During the press conference announcing these exemptions, FAA Administrator Michael Huerta invited more commercial entities to apply for exemptions under Section 333 of the FAA Modernization and Reform Act of 2012. He indicated that there are approximately 40 petitions pending, and that any commercial entity can apply for appropriate exemptions in low-risk, controlled environments. He also announced that the FAA has created a new set of guidelines to assist entities in applying for these exemptions.
With today’s announcement and the FAA’s new guidelines for petitioning for exemption under Section 333, the FAA and Department of Transportation appear open to considering other applications to commercially operate UAS. In addition to the new guidelines, U.S. Transportation Secretary Anthony Foxx called the movie and television industry petitions a “model” for seeking approval.

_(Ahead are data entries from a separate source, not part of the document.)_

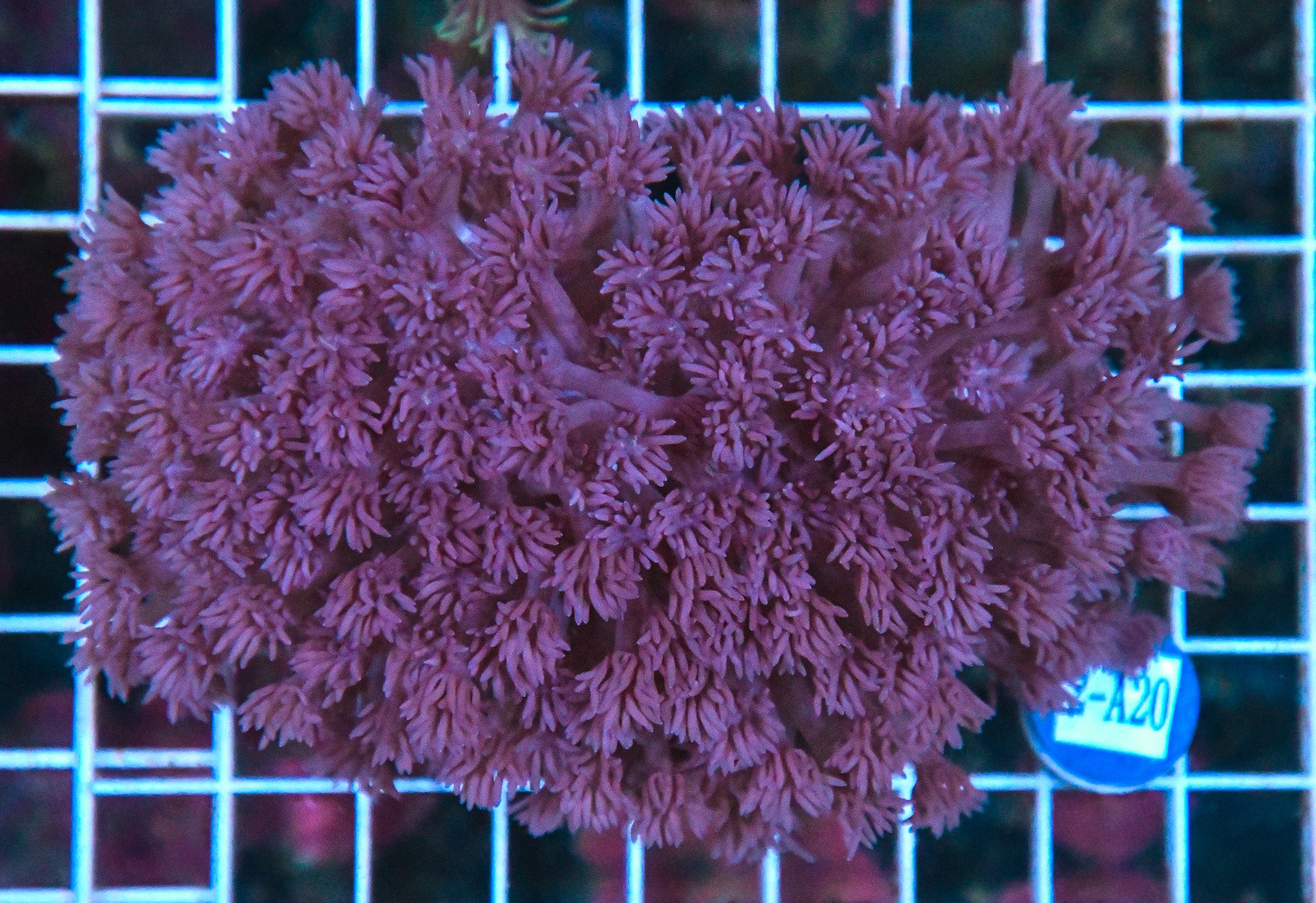 Goniopora WAUS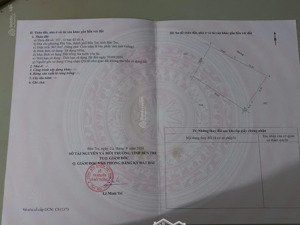 bán đất nền 907,8m2 tại tường đa, châu thành, bến tre, chỉ với 5,9 tỷ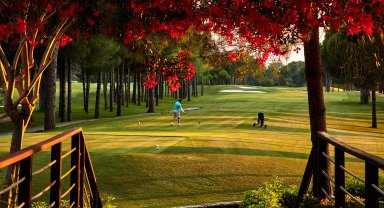 THY Dünya Golf Kupası Antalya'da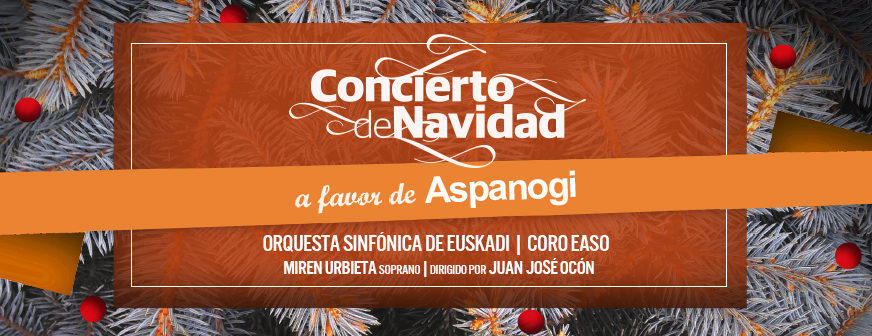 Concierto de Navidad de El Diario Vasco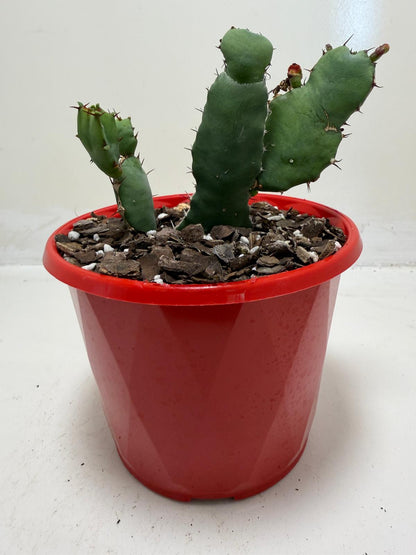 Euphorbia opuntioides Segmented Succulent|130mm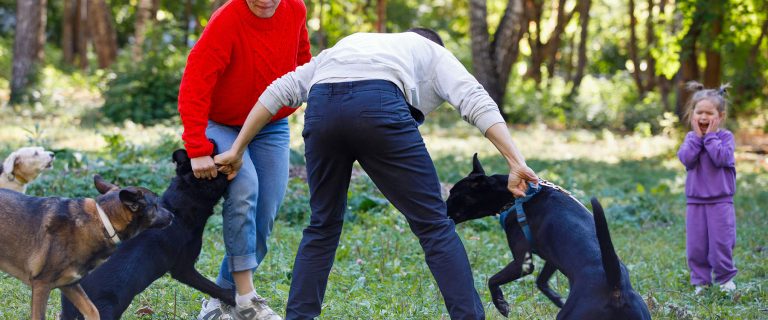 How to break up a dog fight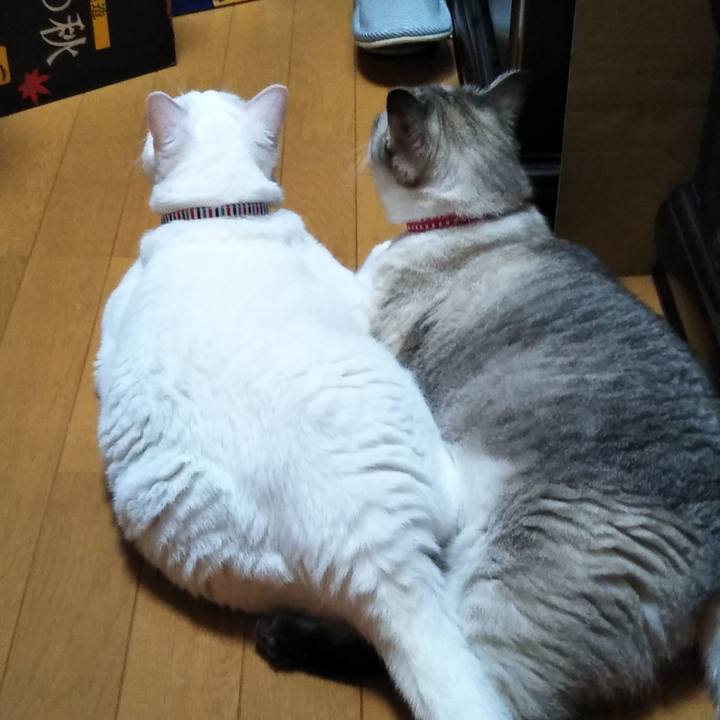 7073cefc c4f0 4eaa 87a9 5236d70ade17 1599056860551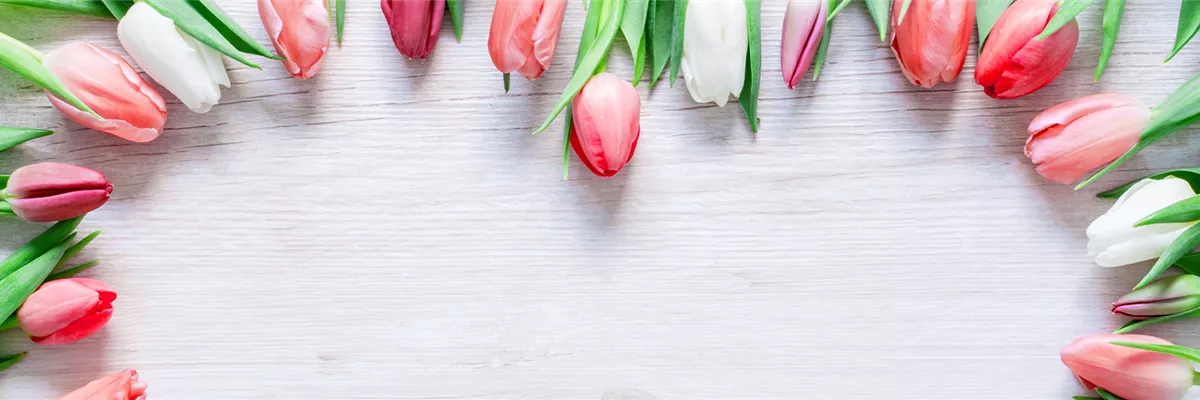 BLUMIGER VALENTINSTAG!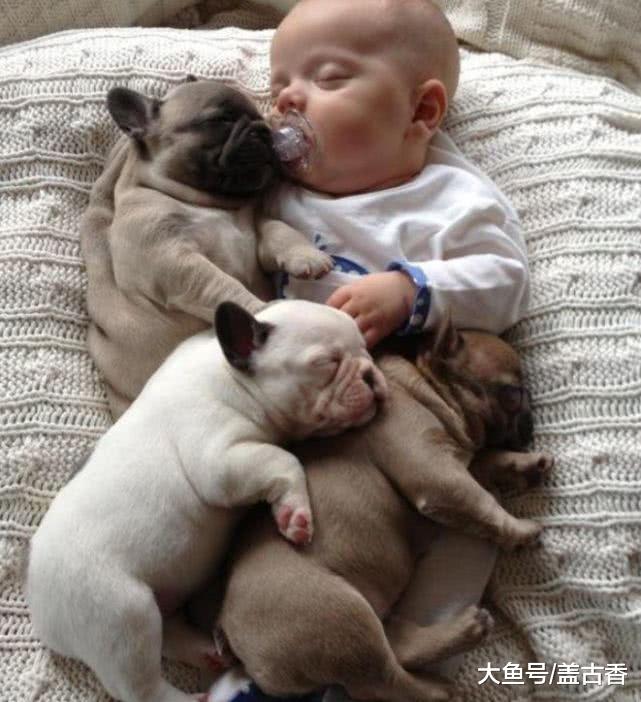 宝宝和三只小奶狗同一天出生，叼奶嘴熟睡时，内心都被萌化了！
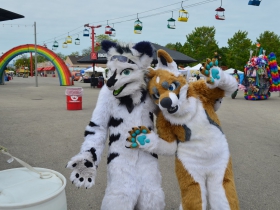 Furries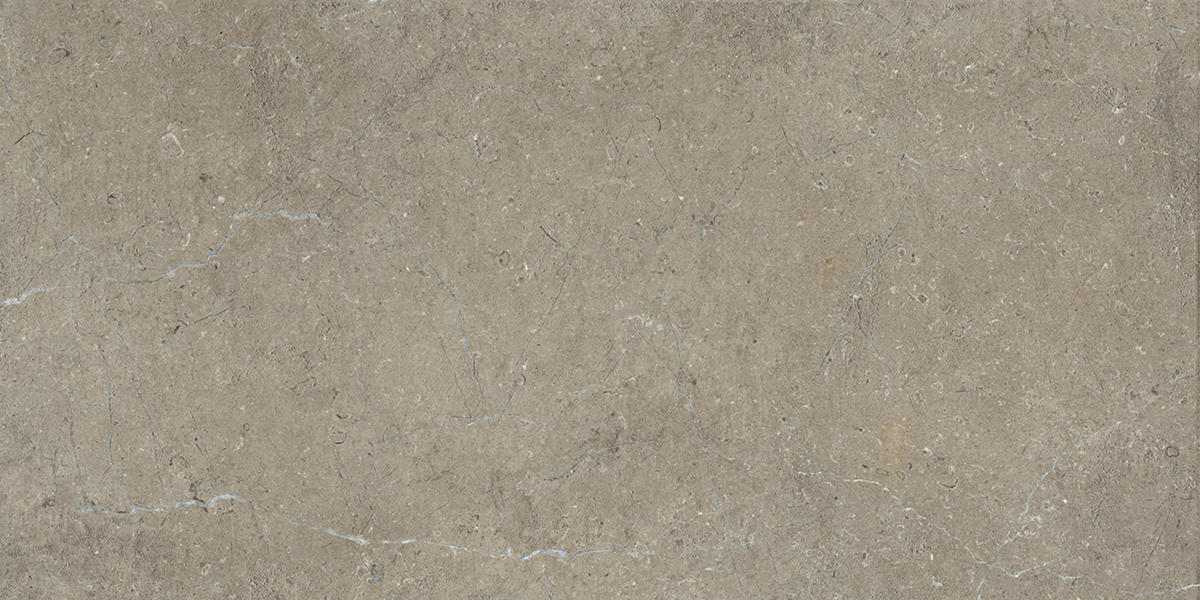 Daltile Courier 24" x 48" Xterior Paver Textured River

The approvals represent a significant first step toward facilitating greater use of UAS technology by commercial operators – to the great benefit of the public. The film industry worked carefully and creatively with the FAA to establish operational and safety parameters that, as Secretary Foxx suggested, will serve as a template for commercial operators that wish to utilize small UAS in the short term. The FAA is poised to move forward with a more comprehensive rulemaking that ultimately will govern the integration of UAS into American airspace – but agency rulemakings by nature take time and, given the tremendous promise drone technology offers many industries right now, interim relief is welcome.